Spatial Growth and Nitrogen Uptake Variability of Corn at Two Nitrogen Levels

  1. Tawainga W. Katsvairo,
  2. William J. Cox * and
  3. Harold M. Van Es
  1. Dep. of Crop and Soil Sci., Cornell Univ., Ithaca, NY 14850

Abstract

Crop measurements that predict spatial yield variability and correlate with yields may facilitate development of variable N rate management. We evaluated growth, N concentration, and N uptake of two corn (Zea mays L.) hybrids at two N rates (130 vs. 185 kg ha−1 at two sites and manure vs. manure + 55 kg N ha−1 at another site) in 2000 (wet) and 2001 (dry) to help explain corn spatial yield variability that existed at five of six site–years.
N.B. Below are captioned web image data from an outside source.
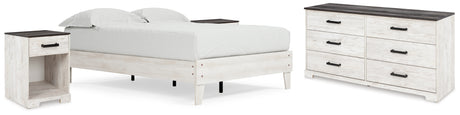 Shawburn Full Platform Bed with Dresser and 2 Nightstands in Whitewash from Ashley - Luna Furniture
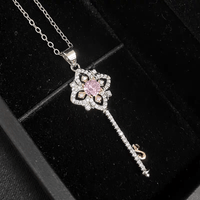 Thumbnail for Crystal Floral Key Pendant Necklace - ArtGalleryZen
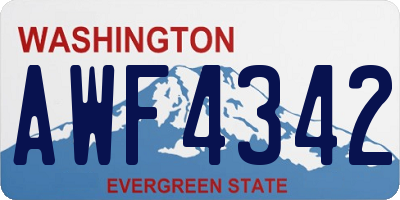 WA license plate AWF4342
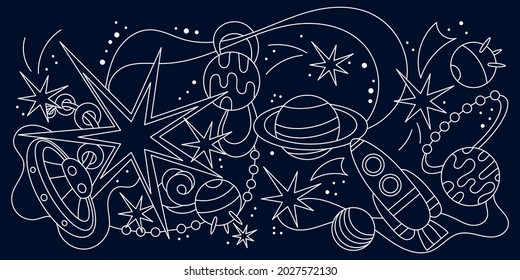 Cosmic border. Stars planets galaxies, alien spaceships . Vector illustration.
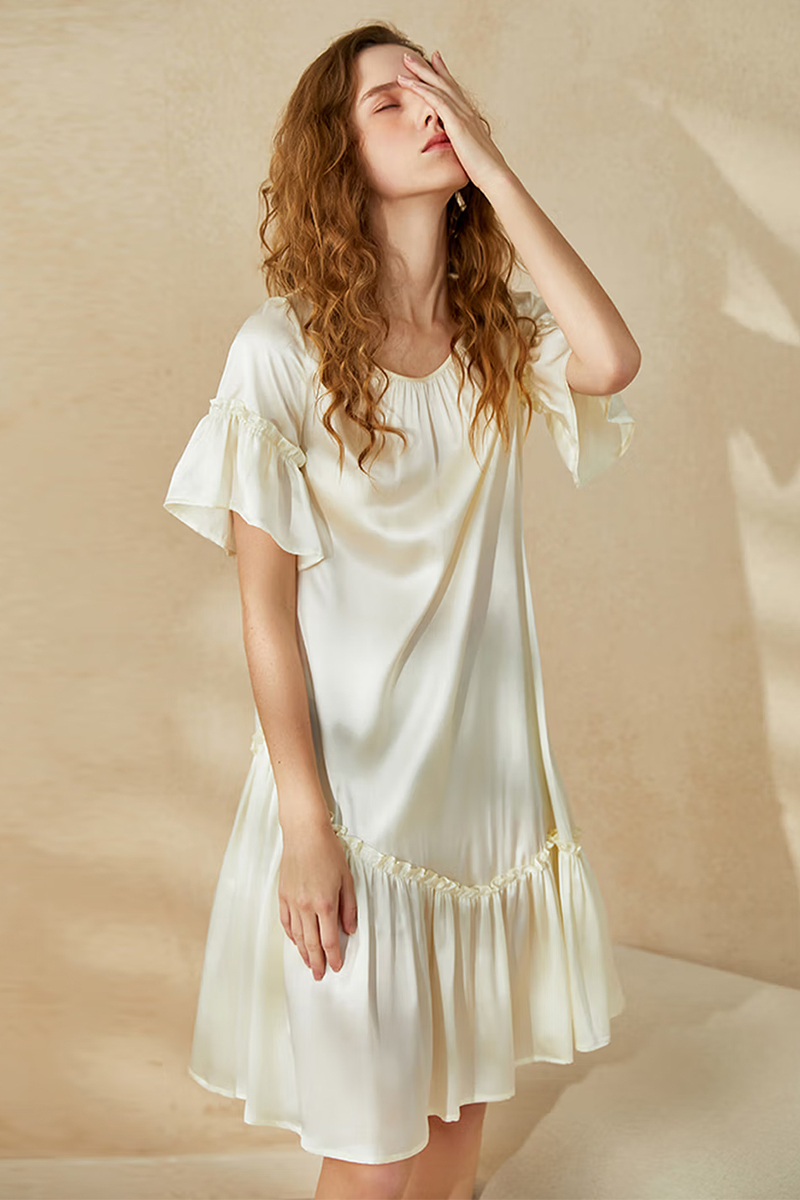 19 Momme Heavy Mulberry Silk Slip Dress Short Sleeve Nightgown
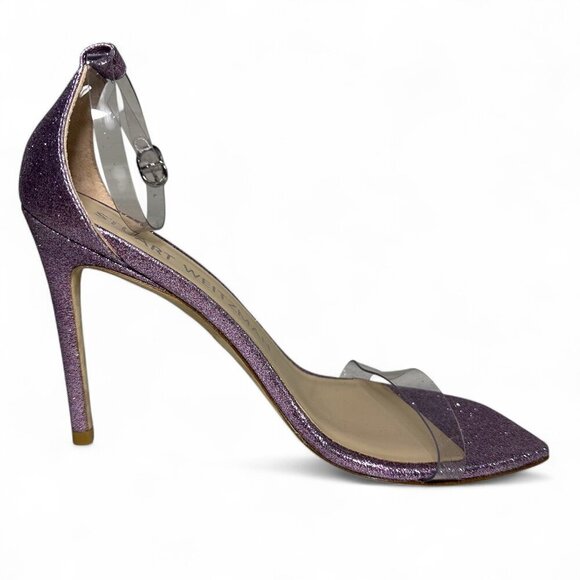 Stuart Weitzman Glitter Lilac High Heel PVC Sandal sz 8 NWOT - Picture 11 of 13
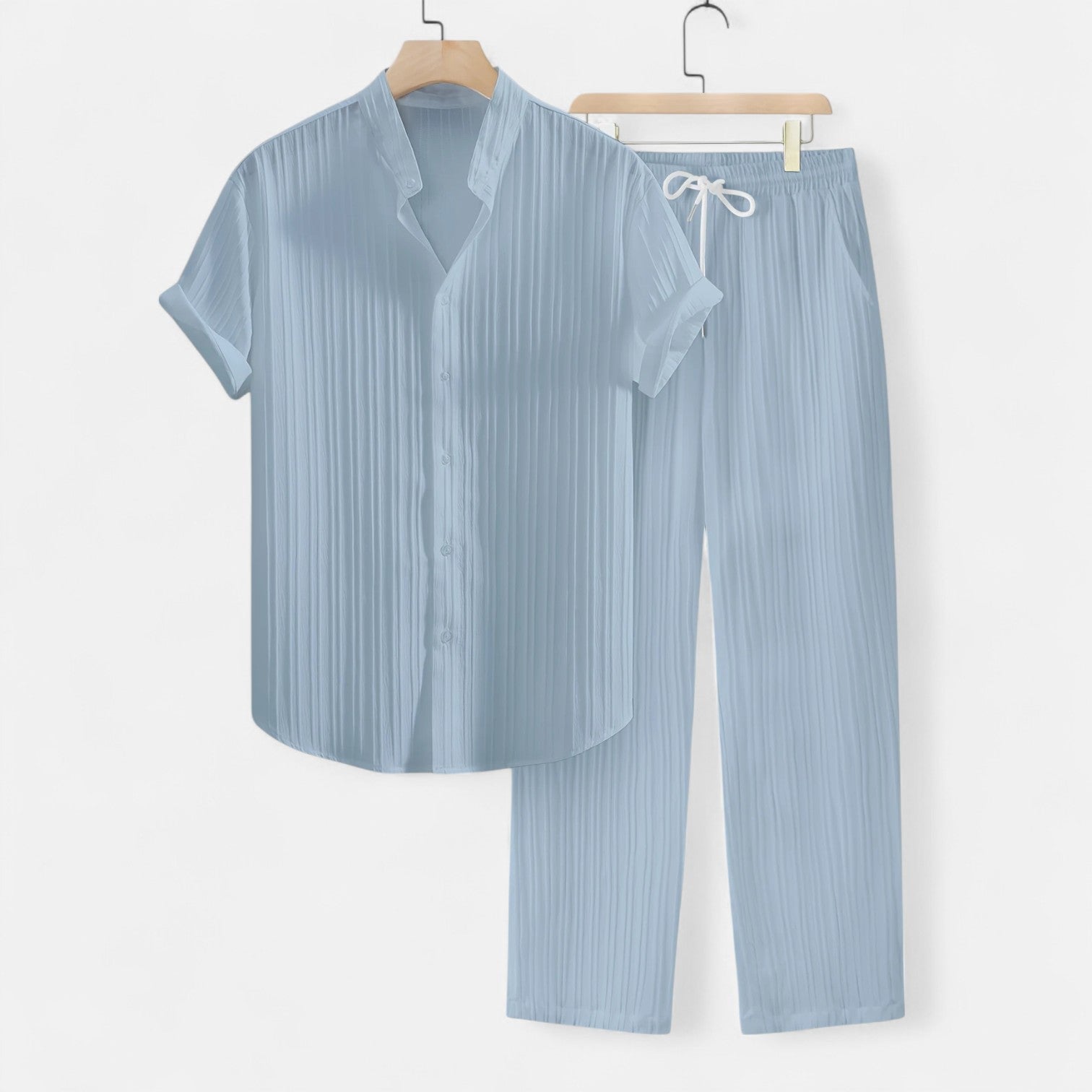 Men’s Lightweight Striped Summer Shirt and Trouser Set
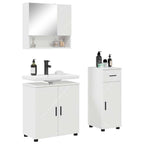 Juego de muebles de baño con cajón con puerta 3 pcs brillante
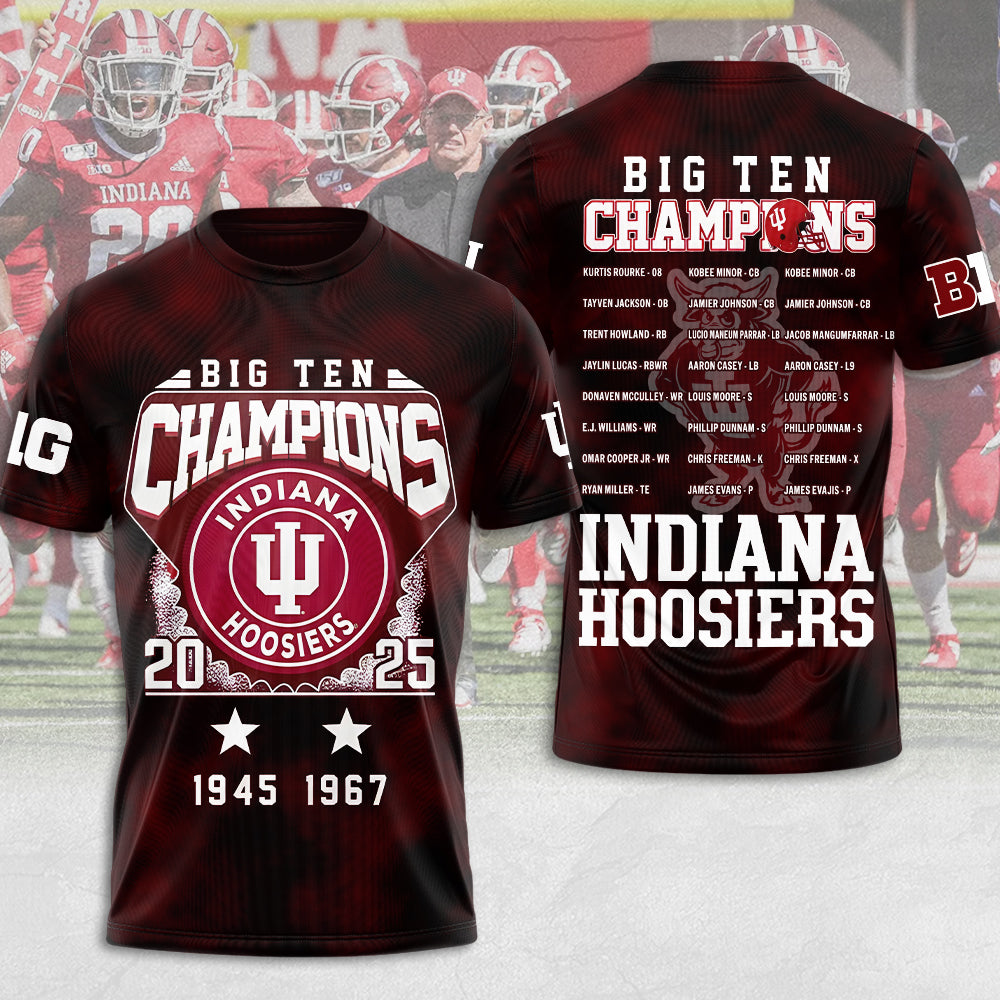 Indiana Hoosiers Football 2025 Big Ten Champions 3D Apparel – MAITM14007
Biomass, N concentration, and N uptake mostly had no spatial variability at the sixth leaf stage (V6), silking (R1), and physiological maturity (R6). Plant height at V6, which had spatial variability at four site–years, correlated with yields at two sites (0.55 and 0.66) in 2000 and at one site (0.56) in 2001. Plant height at V10, which had spatial variability at all sites, correlated with yields at all sites (0.50–0.64) in 2000 but at only one site (0.69) in 2001. Nitrogen uptake at R6, which correlated with yields at all sites in 2000 (0.25–0.58) and 2001 (0.34–0.65), did little to explain the N response within sites. Stalk NO3–N concentrations showed no spatial variability, despite spatial variability for residual soil NO3–N concentrations at all site–years. Residual soil NO3–N, which had distinct zones of high concentrations in the upper 30 cm in 2001, may provide more useful information than crop measurements for development of variable N rate management.